(EXERCISE DATA)
%%
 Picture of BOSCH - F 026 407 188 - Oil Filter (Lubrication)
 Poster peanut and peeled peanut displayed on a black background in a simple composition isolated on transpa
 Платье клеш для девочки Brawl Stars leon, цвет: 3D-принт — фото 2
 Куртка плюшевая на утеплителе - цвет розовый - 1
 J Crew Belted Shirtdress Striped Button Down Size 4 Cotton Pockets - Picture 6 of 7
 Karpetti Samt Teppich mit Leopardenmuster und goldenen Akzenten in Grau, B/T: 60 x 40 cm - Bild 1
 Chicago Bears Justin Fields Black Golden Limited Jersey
%%
%%
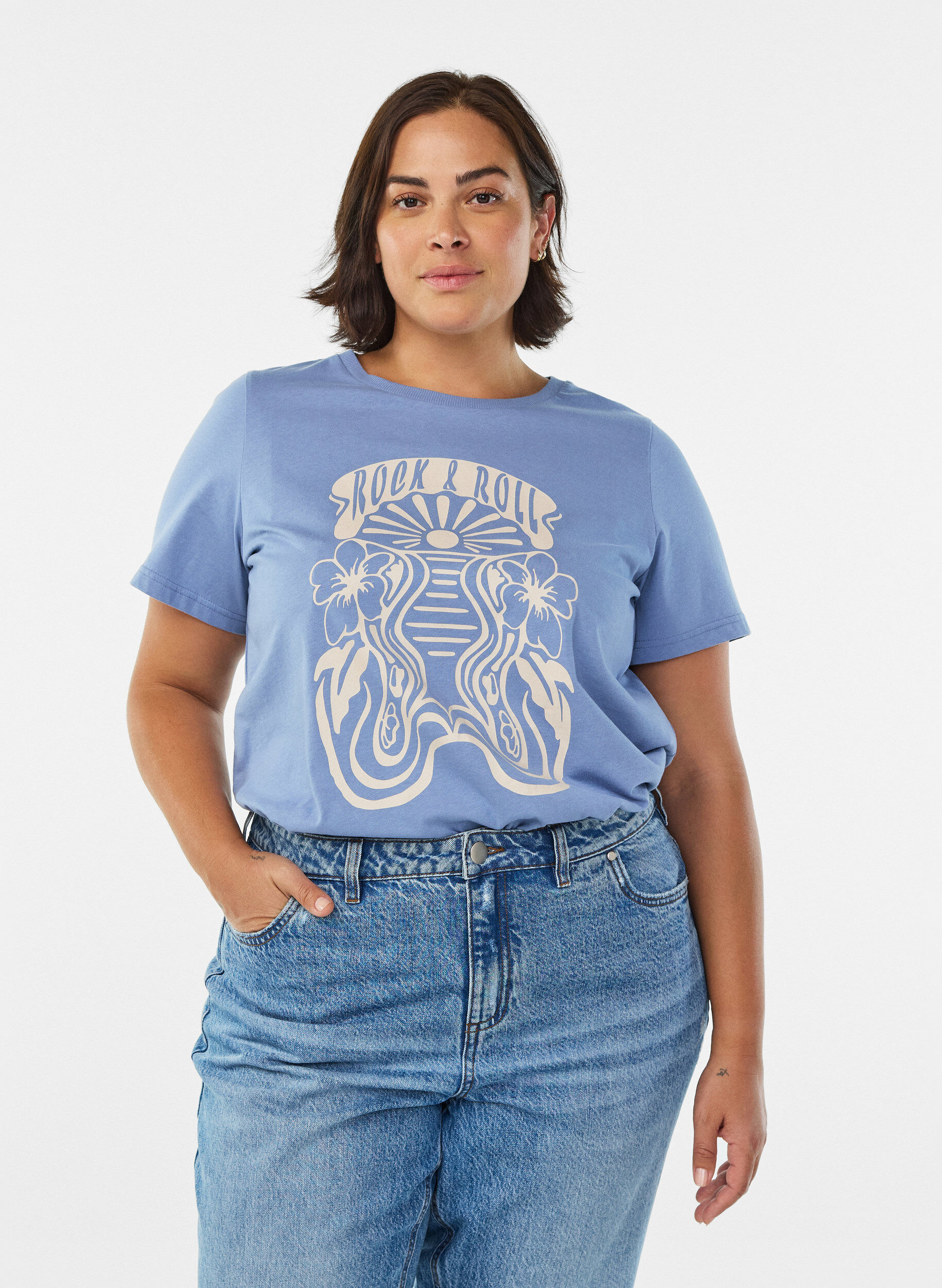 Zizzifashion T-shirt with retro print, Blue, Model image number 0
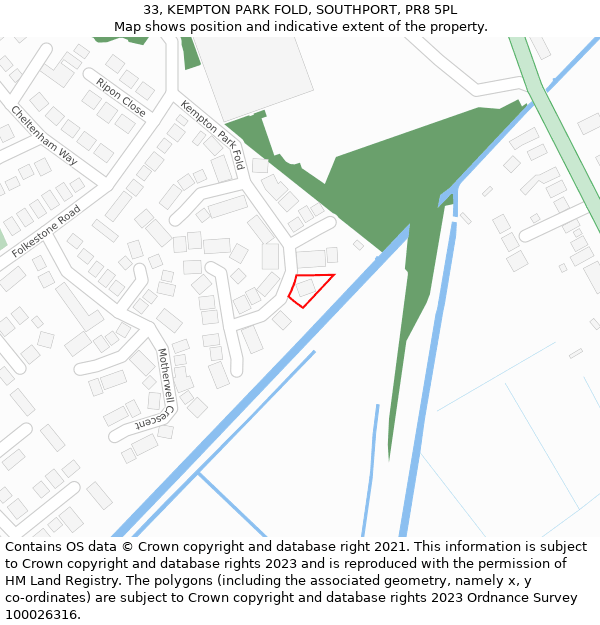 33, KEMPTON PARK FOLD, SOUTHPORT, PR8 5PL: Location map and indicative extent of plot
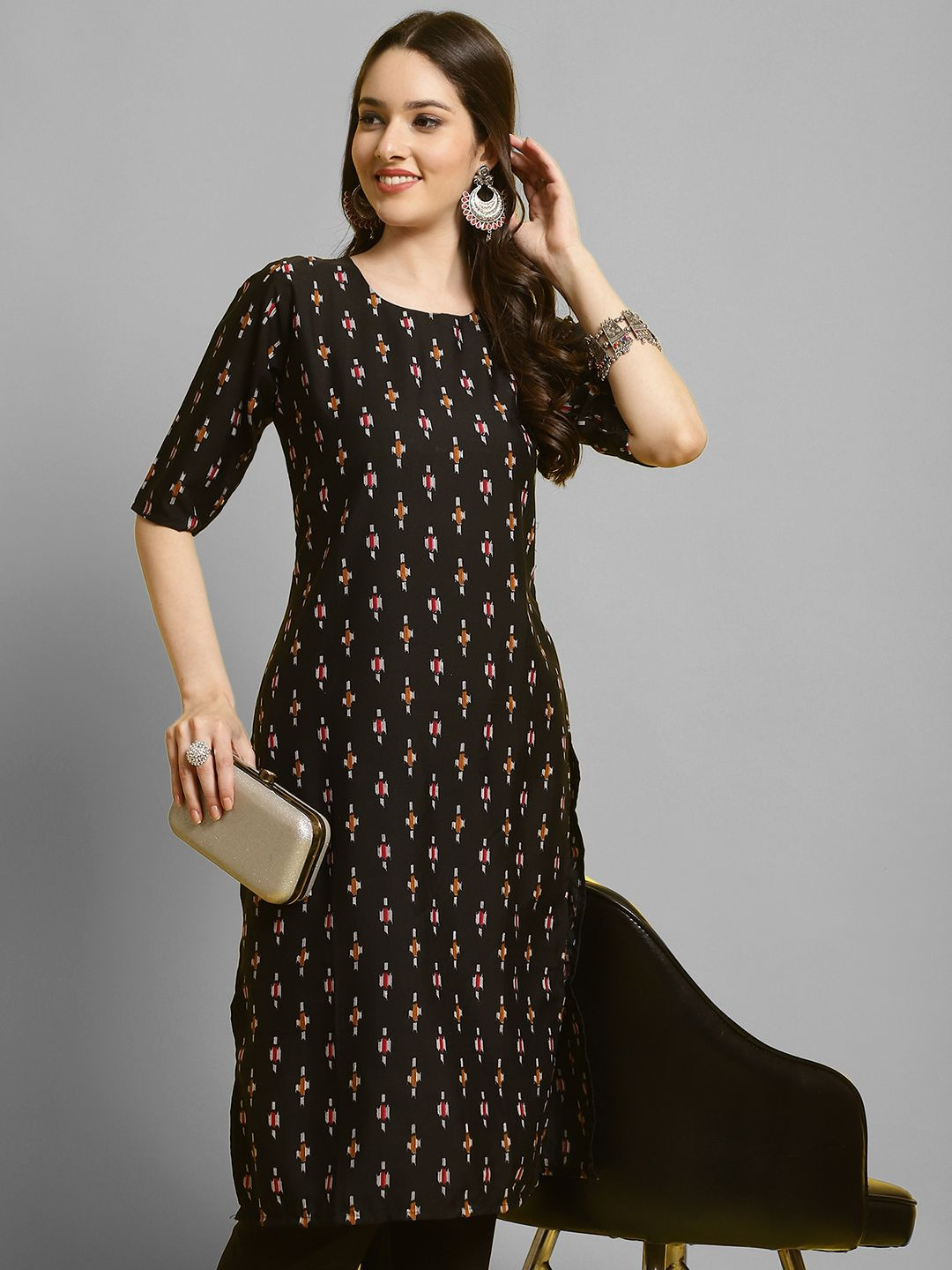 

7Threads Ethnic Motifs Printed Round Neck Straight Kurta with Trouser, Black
%%
%%
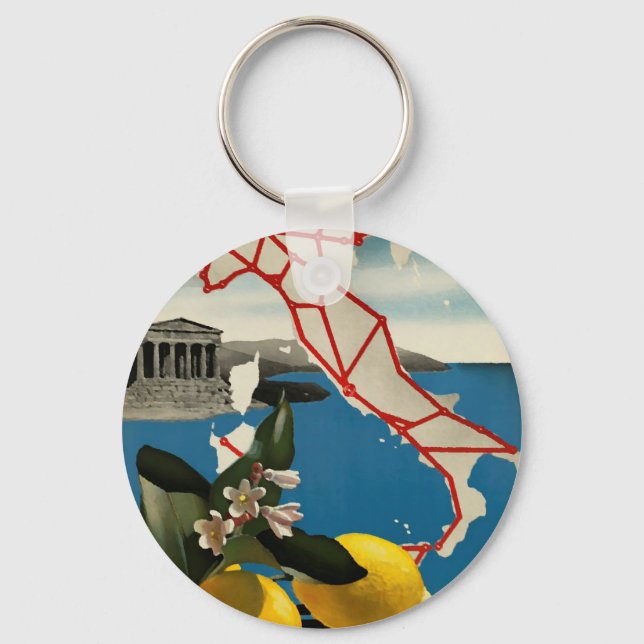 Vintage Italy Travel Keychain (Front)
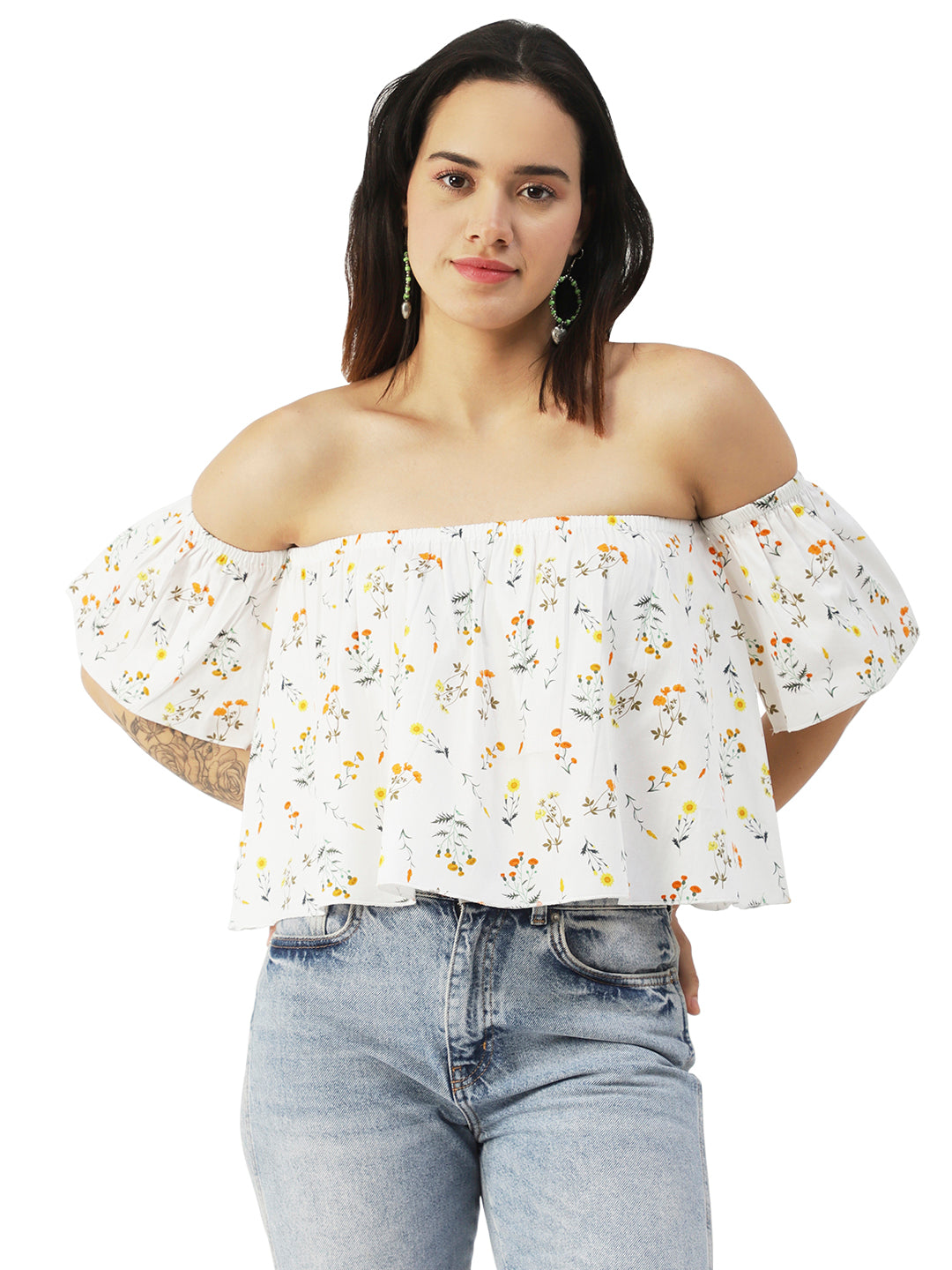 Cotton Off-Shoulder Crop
%%
(WHAT YOU HAVE TO DO) All lines above between those holding "Куртка плюшевая на" and "Chicago Bears Justin", inclusive, must be set down unchanged, and no other line may be included.

(ANSWER BOX)
 Куртка плюшевая на утеплителе - цвет розовый - 1
 J Crew Belted Shirtdress Striped Button Down Size 4 Cotton Pockets - Picture 6 of 7
 Karpetti Samt Teppich mit Leopardenmuster und goldenen Akzenten in Grau, B/T: 60 x 40 cm - Bild 1
 Chicago Bears Justin Fields Black Golden Limited Jersey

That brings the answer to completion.